Raymond Ackerman, 80, is the founder of the Pick ‘n’ pay chain of Supermarkets, a brand that has created a cult-like following among shoppers.
VENTURES AFRICA – Success was a long way coming for Raymond Ackerman, the founder of South African retail giant, Pick ‘n’ Pay. After acquiring a Bachelor of Commerce degree from the University of Capetown in 1951, the 20 year-old Raymond took up a job as a Management trainee at Ackermans, a clothing retail outfit founded by his father, Gus Ackerman. Greatermans group, a rival outlet, subsequently acquired the company and Raymond was given a senior position.

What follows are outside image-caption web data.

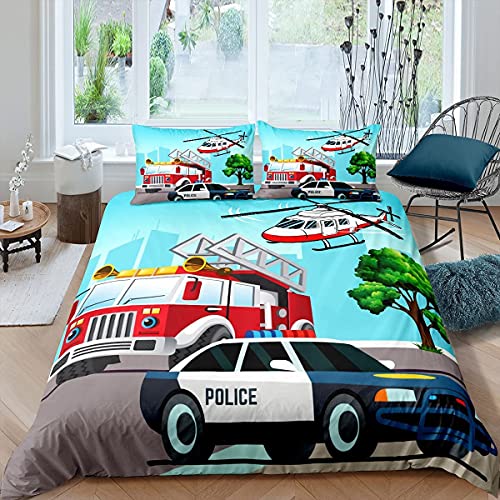 Housse de Couette 140x200 Voiture de Police Moteur D'incendie Parure de Lit Avion 1 Personne en Microfibre Douce Imprimée 3D avec Fermeture Éclair, avec 2 Taies d'oreiller 65x65 cm Cover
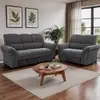 Sofá de 3 e 2 Lugares Cama inBox Mourato com 187cm e 140cm de Larguras e Revestidos em Bouclé - Cinza Escuro - 1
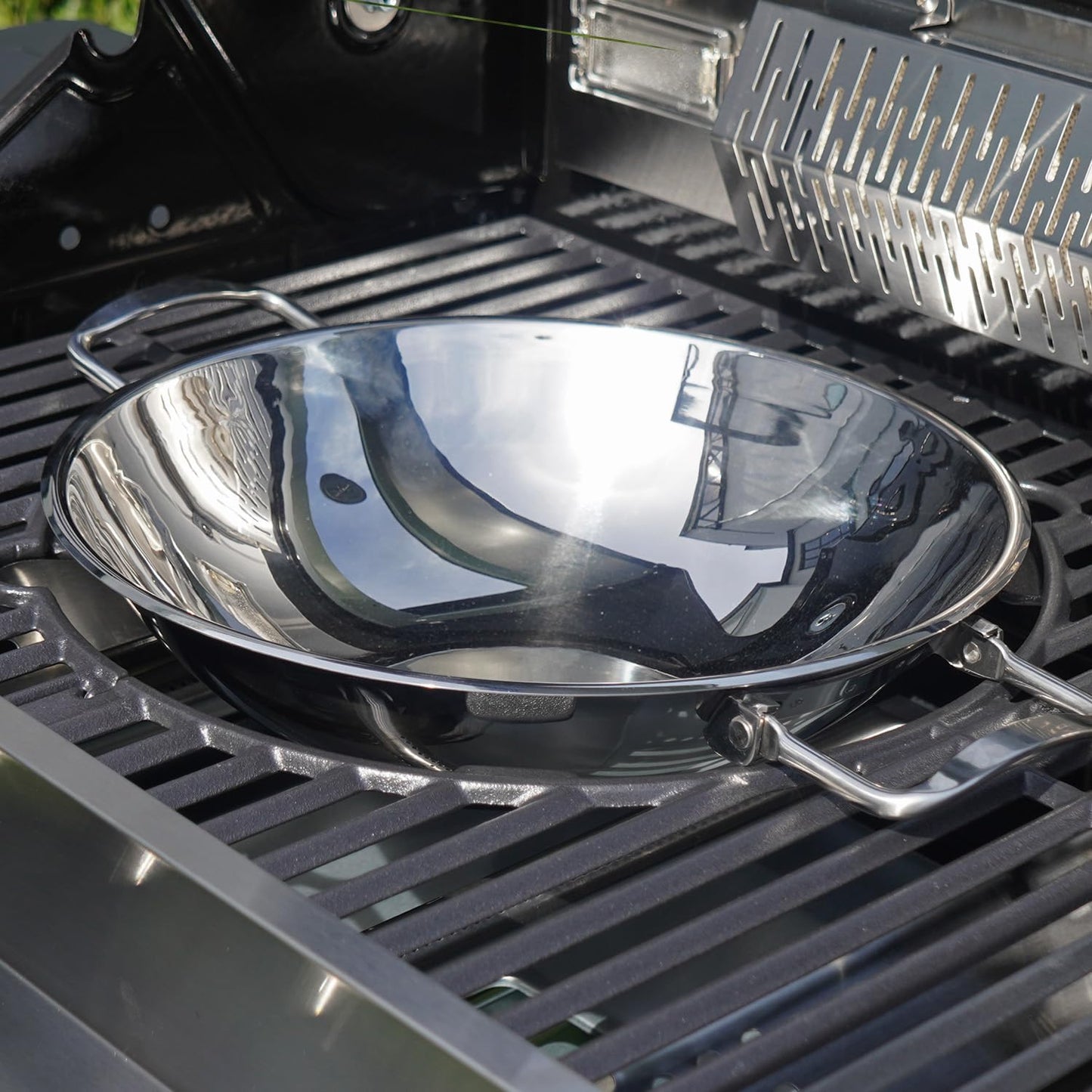 Wokpfanne mit Wokring und Klappgriffen, Wok und Ring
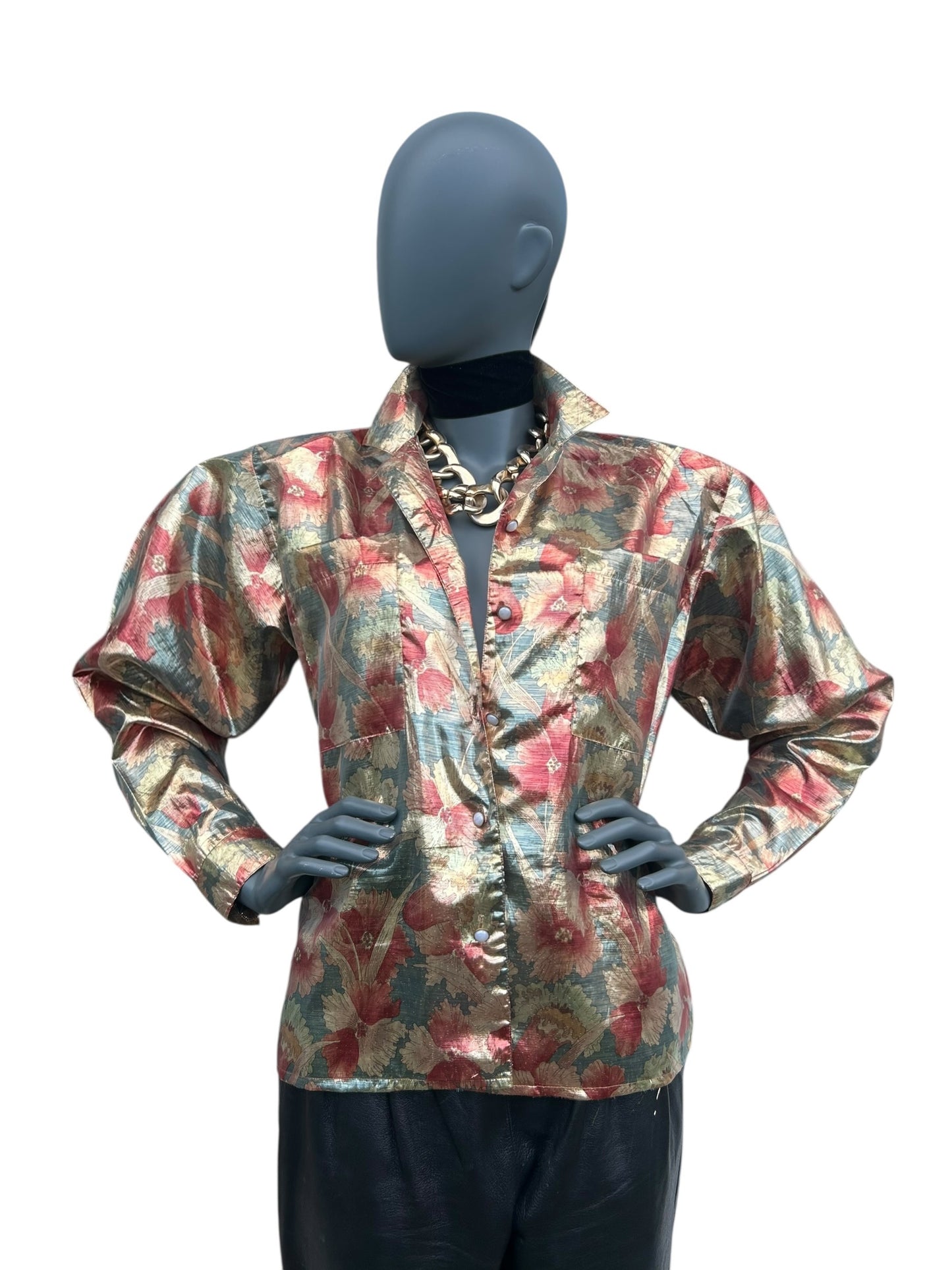 Vintage 1970s Gold Lamé Blouse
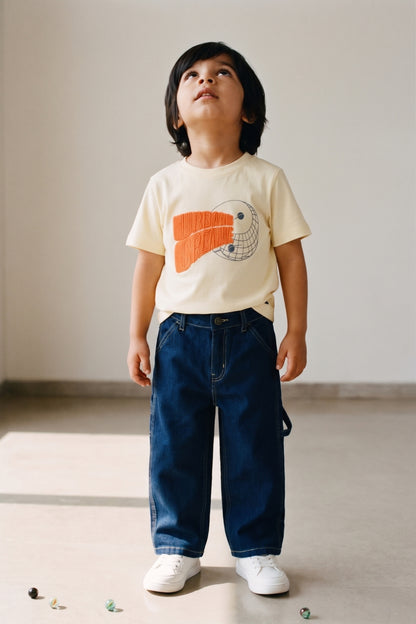 Boys Beige T-Shirts and Blue Jeans Clothing Set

By 1950, Ackerman discovered that food retailing was becoming increasingly popular in South Africa and there were fortunes to be made in this sector. He approached the chairman of the company, Norman Herber, and persuaded him to open up a groceries retailer. Impressed with his trained eye for emerging trends in business and the enthusiasm he displayed, Herber founded Checkers, a food retailer and put Raymond at the helm of affairs.
Under Ackerman’s watch, Checkers became profitable almost immediately and soon enough, there were over 85 Checkers outlet spread across the country. He was put in charge of the company’s overall operations, which by now had become very successful. Ackerman, the figure behind the chain’s outstanding success, was widely acknowledged as a visionary business leader and in 1965 he won the Outstanding Young South African award.
Ackerman was making a raving success of the food retailer. But success breeds envy, and before long, the owners of the company showed Ackerman the door. He was fired for no clear reason. The termination of his contract could not come at a worse time – his wife was pregnant with their fourth child.
On the bright side, Ackerman received a generous severance package and he resolved not to surrender to fate. With the money he received from his previous employers and a bank loan, Ackerman bought over four stores in Cape Town which traded under the name ‘Pick‘n’ Pay’. He set to work immediately with a staff strength of 175. He went on to revolutionize South Africa’s retail industry, introducing the country to the concept of a powerful consumer orientation as the overriding first law of store management. Customer satisfaction was a priority, and Ackerman ensured that he provided value goods, presented in an attractive way.
Under Raymond Ackerman’s management, “Pick n Pay” grew from four small stores in Cape Town to 794 stores. Pick ‘n Pay is currently one of South Africa’s pre-eminent FMCG retailers, consisting of over 450 stores including 121 supermarkets and 14 hypermarkets. Operations are in food, clothing, and general merchandise sectors as well as financial services. The company operates throughout South Africa, southern Africa and Australia and employs about 49,000. The Company, which is listed on the Johannesburg Stock Exchange, has produced 20-year share price compound growth as at February 2010 of 14.8%, and grew at 14.2% annually compounded over the past decade.
For all the success Ackerman has achieved, he remains unabashedly committed to giving back. In 1970s, Raymond, his wife Wendy and their four children founded the Ackerman Family Educational Trust and endowed the foundation with two per cent of their personal shares. Today, the foundation sponsors over 100 students through Tertiary education in South Africa annually. The foundation also gives to education-focused organizations such as the READ Educational Trust and institutions for mentally and physically handicapped people.
Last March, during his 79th birthday, Raymond handed over the keys to the kingdom to his eldest son, Gareth Ackerman, who will continue to build on the legacy his father had nurtured for the past 40 years.
Even though he retired last year and has just turned 80, there’s no slowing down the man who changed the way South Africans shopped.
In his autobiography, A Sprat to Catch a Mackerel: Key Principles to Build Your Business, he reflected on his time at Pick ‘n’ Pay. He said: “It’s really hard to hand over power and step back. Now that my son Gareth is chairman … I have to learn to listen and resist the temptation to interfere – it’s not always easy … I offer my advice and sometimes they listen and sometimes they don’t. I’m just as passionate about the business, and my new role as ambassador for the company has given me the opportunity to go around this country and Australia and meet our people.”